The harvest process is triggered by messages from RabbitMQ with the routing key *.#.HarvestTrigger, where * is the relevant resource type, ie dataset, and # is an unused part of the key. The unused part of the key was in earlier versions used to supply the id of a publisher, this has since been moved to the message body, see “publisherId” in the next section.

The body of the trigger message has 3 relevant parameters:

  • dataSourceId - Triggers the harvest of a specific source from fdk-harvest-admin
  • publisherId - Triggers the harvest of all sources for the specified organization number.
  • forceUpdate - Indicates that the harvest should be performed, even when no changes are detected in the source

A triggered harvest will download all relevant sources from fdk-harvest-admin, download everything from the source and try to read it as a RDF graph via a jena Model. If the source is successfully parsed as a jena Model it will be compared to the last harvest of the same source. The harvest process will continue if the source is not isomorphic to the last harvest or forceUpdate is true.

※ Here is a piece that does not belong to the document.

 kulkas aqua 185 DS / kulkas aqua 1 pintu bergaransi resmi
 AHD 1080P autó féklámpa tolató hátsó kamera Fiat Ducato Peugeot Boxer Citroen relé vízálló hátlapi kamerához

All blank nodes will be skolemized in the resource graphs, which means that an URI is generated for the blank node.

When all sources from the trigger has been processed a new rabbit message will be published with the routing key *.harvested, the message body will be a list of harvest reports, one report for each source from fdk-harvest-admin. Each report will contain these fields:

  • id - the id for the source in fdk-harvest-admin
  • url - the source url
  • dataType - the relevant resource type
  • harvestError - a boolean wich is set to true if the harvest failed
  • startTime - the timestamp when the harvest started
  • endTime - the timestamp when the harvest finished
  • errorMessage - eventual error message if the harvest failed
  • changedCatalogs - fdkId and uri for each catalog with changes
  • changedResources - fdkId and uri for each resource with changes
  • removedResources - fdkId and uri for each resource removed from the source

Since subsequent part of the harvest process is dependent of kafka events, the services deployed from fdk-kafka-event-publisher will listen for harvest reports in rabbitMQ and produce kafka events for removed and changed resources.